* EXERCISE PROMPT *
Your task is to restate the listing word for word without the pictures.

*** Opening of DATA SUPPLIED ***

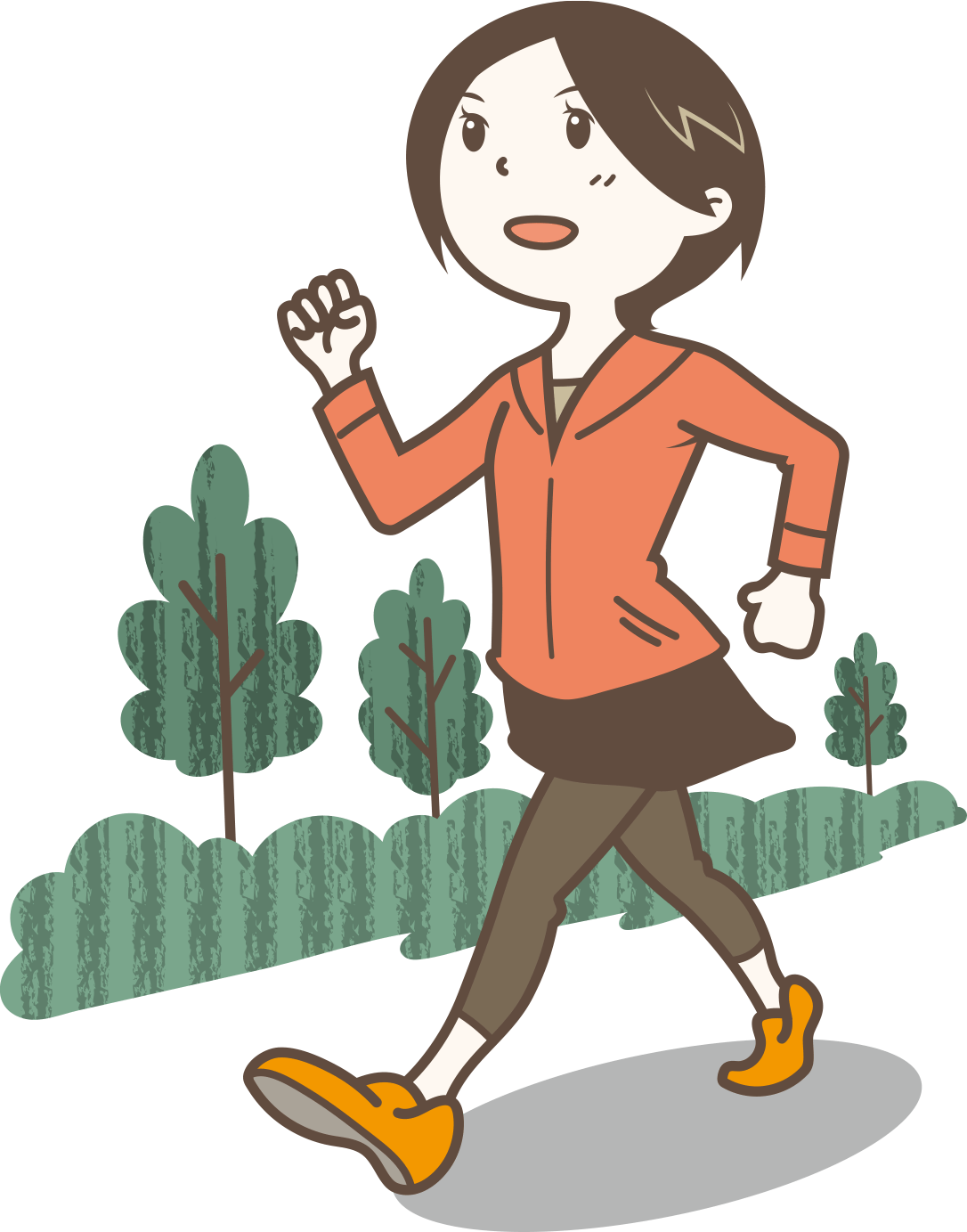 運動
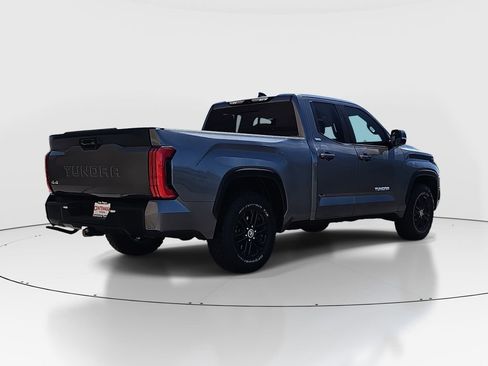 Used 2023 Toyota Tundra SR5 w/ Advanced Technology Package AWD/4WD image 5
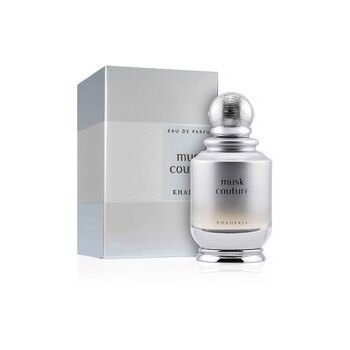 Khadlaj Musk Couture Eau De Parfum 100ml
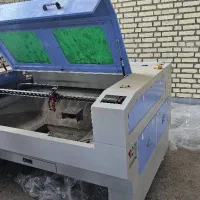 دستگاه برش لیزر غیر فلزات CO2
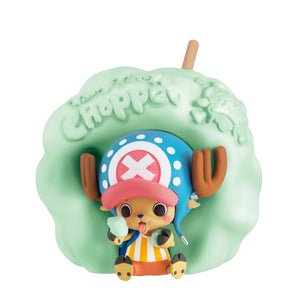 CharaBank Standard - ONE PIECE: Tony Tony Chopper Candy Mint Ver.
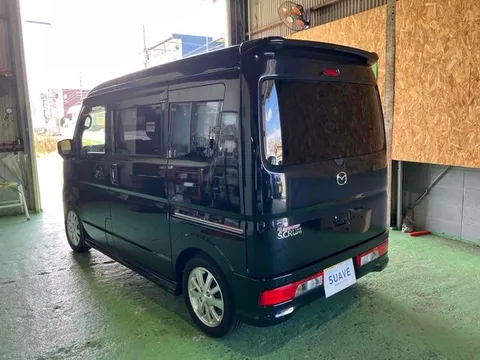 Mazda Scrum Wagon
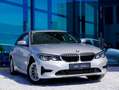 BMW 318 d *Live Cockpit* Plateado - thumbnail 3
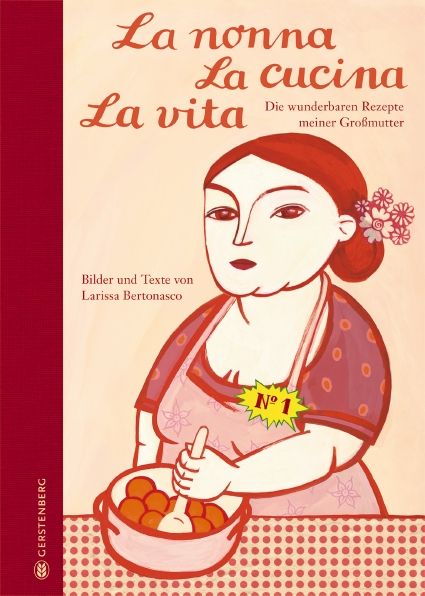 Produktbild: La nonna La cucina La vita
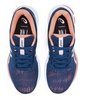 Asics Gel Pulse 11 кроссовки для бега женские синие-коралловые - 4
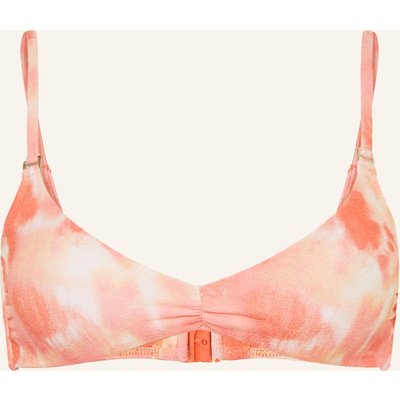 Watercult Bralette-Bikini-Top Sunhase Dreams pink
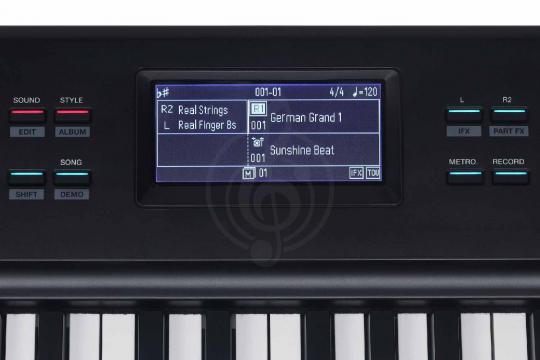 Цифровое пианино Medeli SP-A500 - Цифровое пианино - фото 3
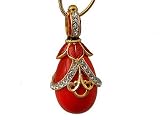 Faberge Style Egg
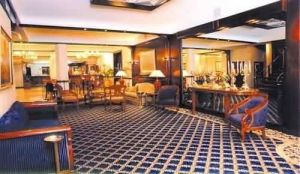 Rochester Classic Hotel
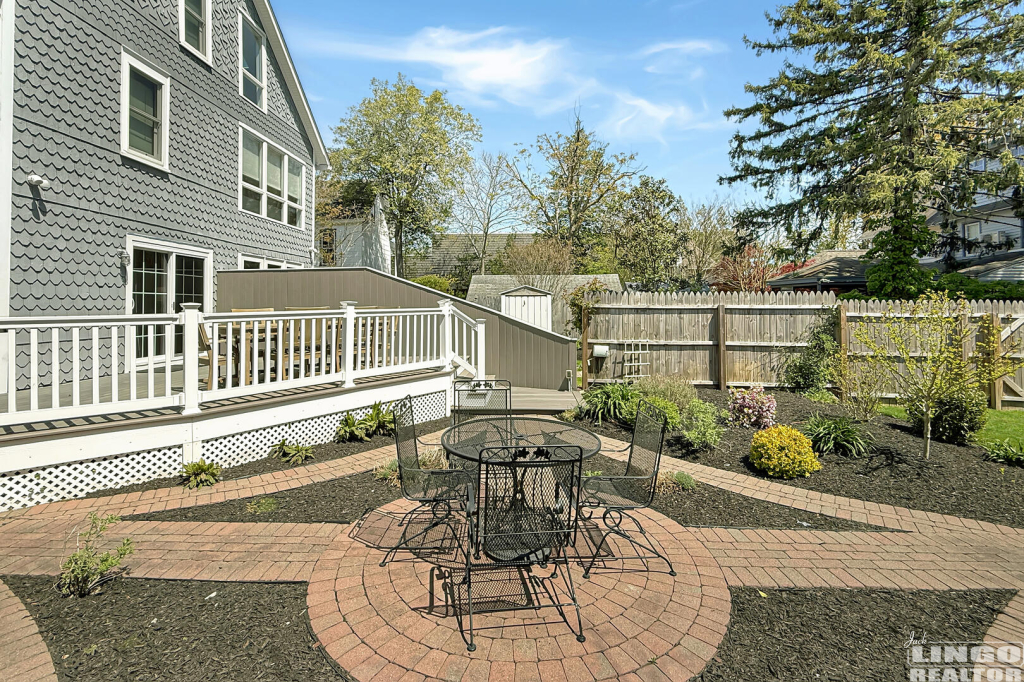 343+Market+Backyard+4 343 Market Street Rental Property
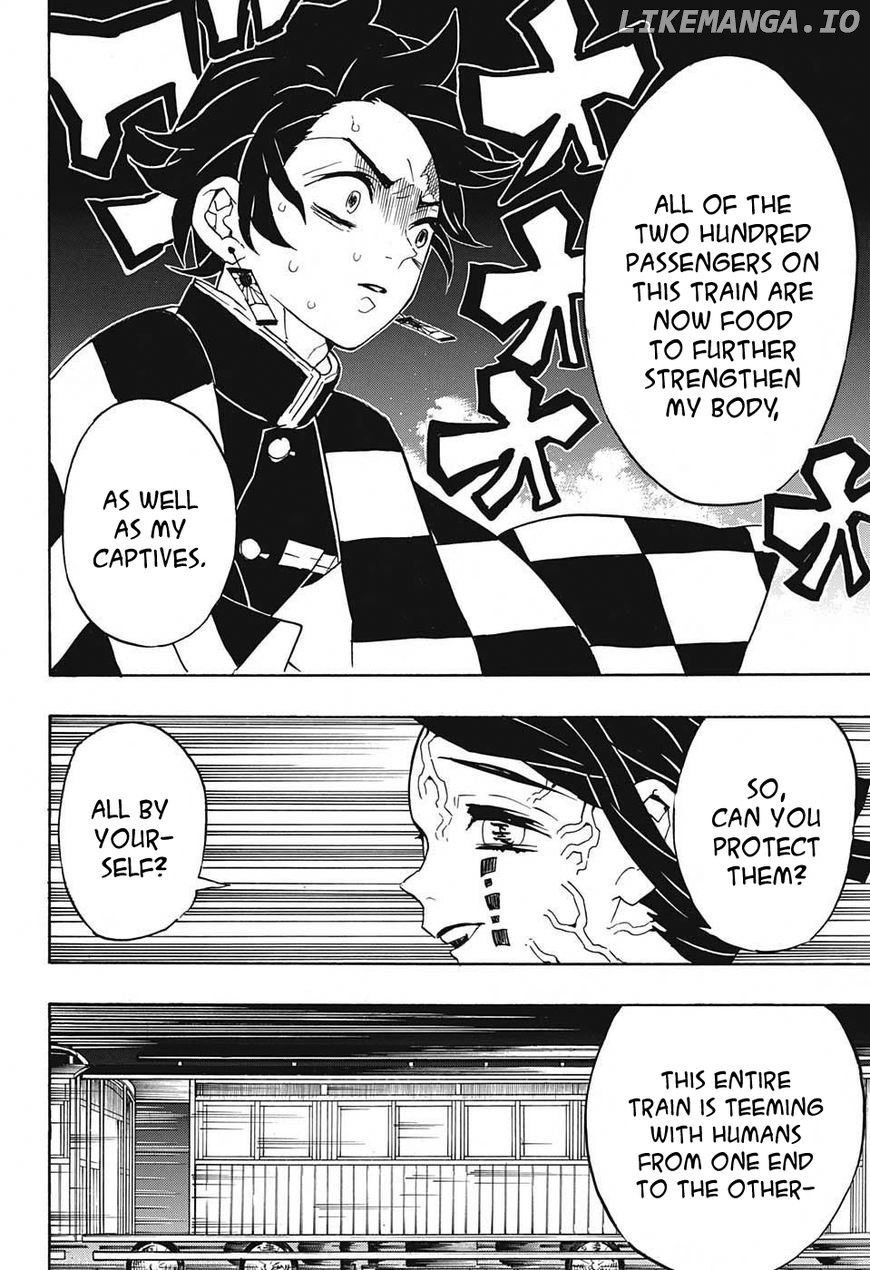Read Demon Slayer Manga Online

*** Close of DATA SUPPLIED ***

* RESULT OF THIS EXERCISE *
 運動
 Used 2023 Toyota Tundra SR5 w/ Advanced Technology Package AWD/4WD image 5
 Khadlaj Musk Couture Eau De Parfum 100ml
 دستگاه برش لیزر غیر فلزات CO2
 CharaBank Standard - ONE PIECE: Tony Tony Chopper Candy Mint Ver.
 Mazda Scrum Wagon
 BMW 318 d *Live Cockpit* Plateado - thumbnail 3
 Produktbild: La nonna La cucina La vita
 Asics Gel Pulse 11 кроссовки для бега женские синие-коралловые - 4
 Watercult Bralette-Bikini-Top Sunhase Dreams pink
 Цифровое пианино Medeli SP-A500 - Цифровое пианино - фото 3
 Faberge Style Egg
 Rochester Classic Hotel
 343+Market+Backyard+4 343 Market Street Rental Property
Read Demon Slayer Manga Online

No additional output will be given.